The lines `p(p^2+1)x-y+q=0` and `(p^2+1)^2x+(p^2+1)y+2q=0` are perpendicular to a common line for

To solve the problem, we need to find the values of \( p \) for which the two given lines are perpendicular to a common line. The lines are given as: 1. \( p(p^2 + 1)x - y + q = 0 \) (Line 1) 2. \( (p^2 + 1)^2x + (p^2 + 1)y + 2q = 0 \) (Line 2) ### Step 1: Find the slopes of the lines The slope of a line in the form \( Ax + By + C = 0 \) can be found using the formula: \[ \text{slope} = -\frac{A}{B} \] #### Slope of Line 1: For Line 1, we have: - \( A = p(p^2 + 1) \) - \( B = -1 \) Thus, the slope \( m_1 \) of Line 1 is: \[ m_1 = -\frac{p(p^2 + 1)}{-1} = p(p^2 + 1) \] #### Slope of Line 2: For Line 2, we have: - \( A = (p^2 + 1)^2 \) - \( B = (p^2 + 1) \) Thus, the slope \( m_2 \) of Line 2 is: \[ m_2 = -\frac{(p^2 + 1)^2}{(p^2 + 1)} = -(p^2 + 1) \] ### Step 2: Set the slopes equal Since the two lines are perpendicular to a common line, they must be parallel to each other.
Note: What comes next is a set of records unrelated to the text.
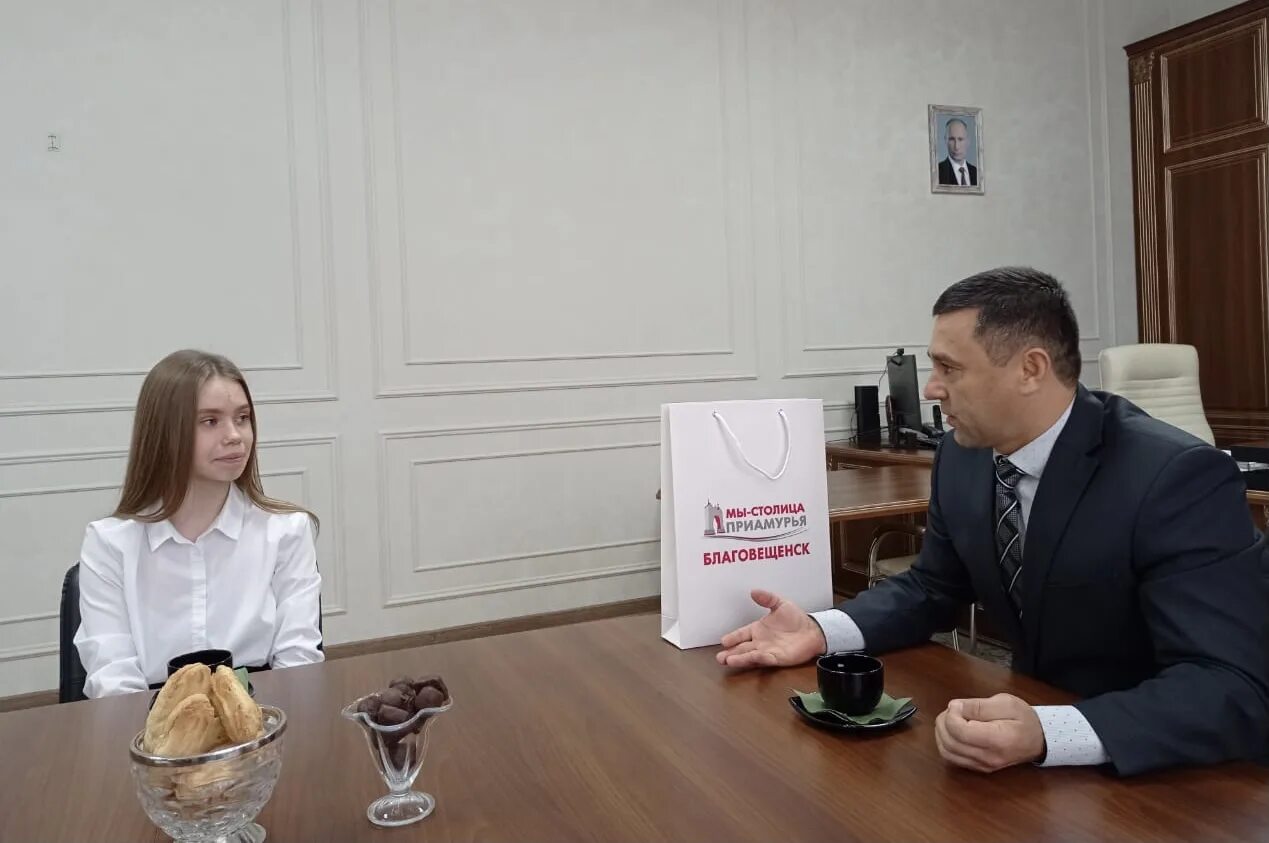 Анна кузнецова уполномоченный по правам ребенка. Заместитель главы города новокузнецка. Кузнецова анна юрьевна уполномоченный. Фото мэра девушка. Реджина миллс актриса шрам.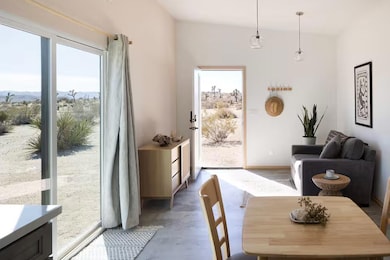 4039 Greasewood Ln, Yucca Valley, CA 92284 - photo 6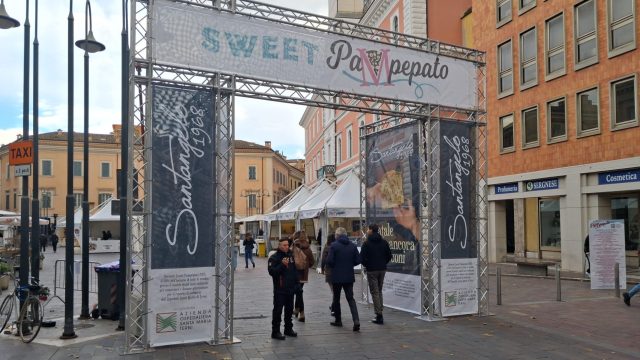 Sweet Pampepato stand bancarelle piazza europa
Therefore, we set the slopes equal: \[ p(p^2 + 1) = -(p^2 + 1) \] ### Step 3: Solve for \( p \) Rearranging the equation gives: \[ p(p^2 + 1) + (p^2 + 1) = 0 \] Factoring out \( (p^2 + 1) \): \[ (p^2 + 1)(p + 1) = 0 \] This gives us two cases: 1. \( p^2 + 1 = 0 \) 2. \( p + 1 = 0 \) #### Case 1: \( p^2 + 1 = 0 \) This case has no real solutions since \( p^2 + 1 \) is always positive for real \( p \). #### Case 2: \( p + 1 = 0 \) This gives us: \[ p = -1 \] ### Conclusion The only real solution for \( p \) is \( -1 \). Therefore, there is exactly one value of \( p \). ### Final Answer The correct option is: **Exactly one value of \( p \)**. ---